Klimademonstranten haben am Donnerstag den Flugverkehr auf einem Berliner Flughafen kurzzeitig gestoppt, nachdem sich einige von ihnen auf die Landebahn geklebt hatten.

Die Aktivisten der Gruppe Letzte Generation haben aus Protest gegen flugbedingte Emissionen den Flugverkehr am Flughafen Berlin Brandenburg lahmgelegt.

„Das Flugzeug ist kein Transportmittel für gewöhnliche Menschen“, sagte Letzte Generation in einer Erklärung. „Die meisten Menschen – etwa 80 Prozent der Weltbevölkerung – sind noch nie in ihrem Leben geflogen. Ein wohlhabendes Prozent der Bevölkerung ist für rund die Hälfte der flugbedingten Treibhausgasemissionen verantwortlich.“

Letzte Generation sagte, ihre Demonstranten hätten die Polizei kurz vor dem Betreten des Flughafens über ihre Pläne informiert.
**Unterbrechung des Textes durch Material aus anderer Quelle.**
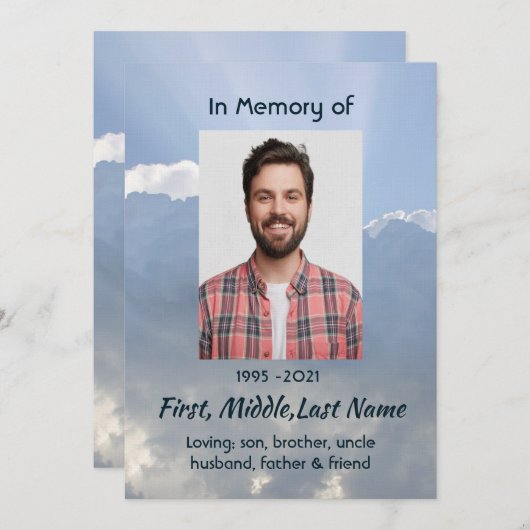 Memorial Photo Prayer Heavenly Sky Einladung (Vorne/Hinten)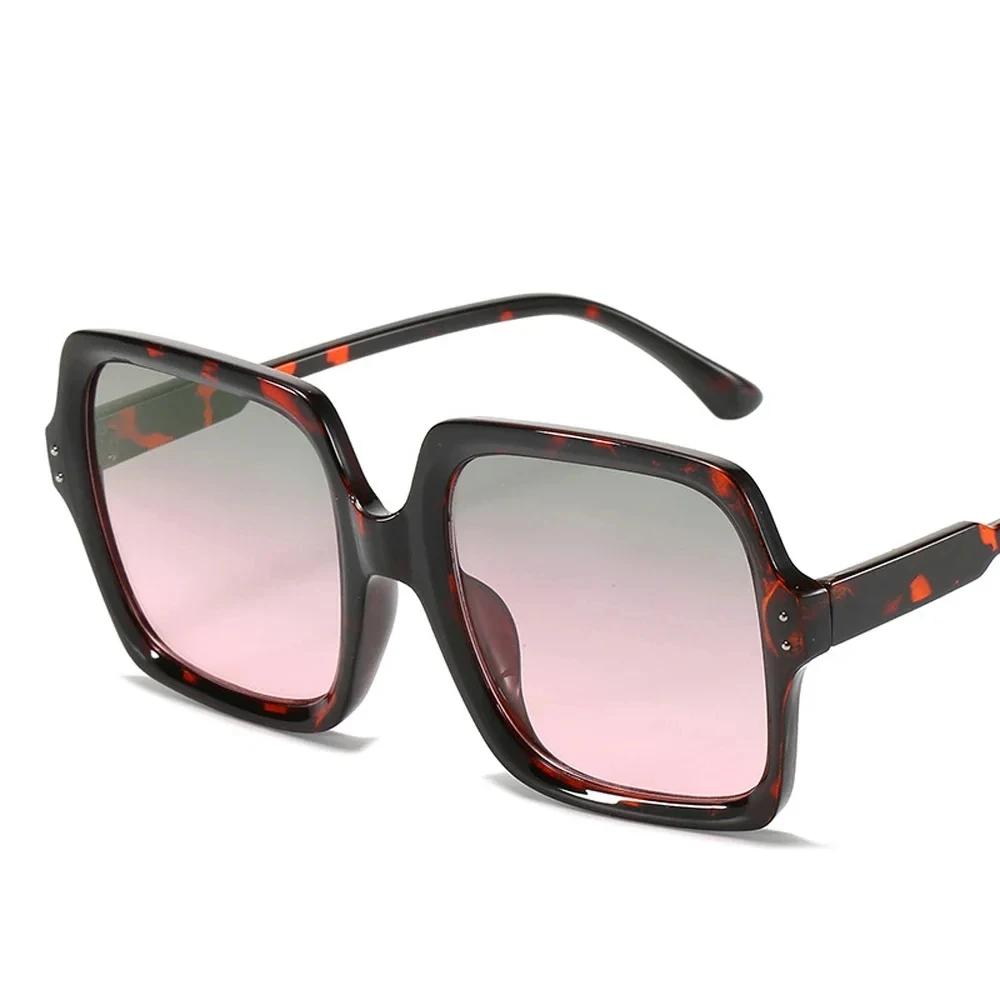 Durable High Quality Durable High Quality Vintage Oversize Square Sun Glasses Women Black Gradient Fashion Luxury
Der Flughafen hatte den Flugbetrieb auf seinen Start- und Landebahnen ab Donnerstagabend Ortszeit wieder aufgenommen, warnte aber vor weiteren Verzögerungen und mahnte zu Geduld.

Letzte Generation hat sich zuvor an ähnlichen Stunts beteiligt. Zwei der Demonstranten der Gruppe warfen im vergangenen Monat Kartoffelpüree auf ein Gemälde von Claude Monet im Museum Barberini in Deutschland, um auf die Klimakrise aufmerksam zu machen.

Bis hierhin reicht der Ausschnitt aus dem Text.